### [Exercise brief]
Beginning with the line that holds "W-Jax München 2022" and finishing with the line that holds "Btwin racing 900", repeat the listing exactly, leaving every picture out.

### [Data supplied]

# # # # #

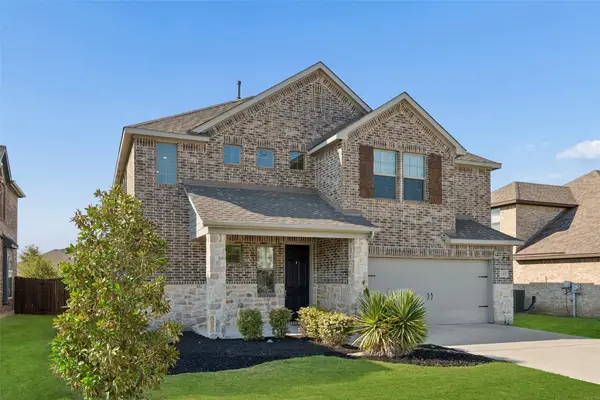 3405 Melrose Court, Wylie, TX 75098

# # # # #

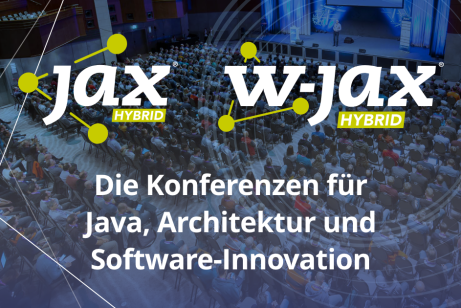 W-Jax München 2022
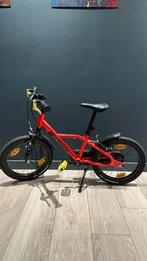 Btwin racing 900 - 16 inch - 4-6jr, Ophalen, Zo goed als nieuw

# # # # #

### [Result of the exercise]
 W-Jax München 2022
 Btwin racing 900 - 16 inch - 4-6jr, Ophalen, Zo goed als nieuw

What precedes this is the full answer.